Salesforce Data Cloud Ingestion from Sitemaps - Implementation Template
Application details
Technical considerations
- An instance of the Mule application is deployed per domain
- Support discovery of Sitemaps from the organization’s
robots.txt
file - Processing Sitemap index files is out of scope
- Content from a Sitemap should generally be provided as "text/html"
- No authentication is required/supported
- Synchronous and Asynchronous scans will ingest the full load
- The Mule application is designed to be stateless
Activity diagrams
The following activity diagrams illustrate the sequence of processing to ingest the unstructured metadata and its content on-demand.
Initial Load/Full Refresh Synchronous
Initial Load/Full Refresh Asynchronous
Get Content
Processing logic
The primary handling and orchestration of unstructured metadata ingestion will be implemented in the Salesforce Data Cloud Ingestion from the Sitemaps Process API. This process is described in more detail in the following sections.

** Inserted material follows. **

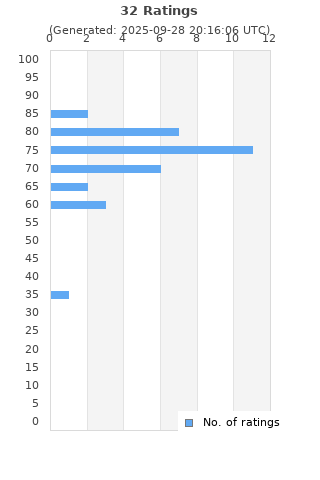 Ratings distribution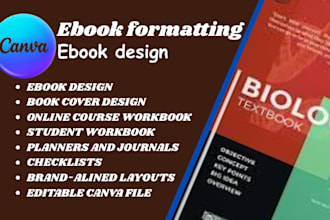 canva ebook design ebook formatting and layout design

Initial Load/Full Refresh Synchronous
- A user action from Data Cloud initiates the request for a full refresh of the content metadata
- Data Cloud invokes the Mule application without a continuation token to start the process
- Mule application receives the request and will:
- Retrieve the content metadata from all the configured organizations' Sitemaps
- Transform the results into the Data Cloud format and return the results
Initial Load/Full Refresh Asynchronous
- Mule application receives a request to perform an asynchronous refresh of all metadata and will:
- Retrieve the content metadata from all the configured organizations' Sitemaps
- Transform the results into the required format for the ingestion API
- Send the transformed data to the ingestion endpoint
Get Content
- Data Cloud initiates the request to retrieve the content
- Mule application receives the request to retrieve and stream the page content from a Sitemap
Success conditions
Upon successful completion, the following conditions will be met:
- All metadata associated with unstructured content in the organization's Sitemaps is retrieved and processed.
- The full load of metadata is retrieved on demand.
- Retrieval of content is supported.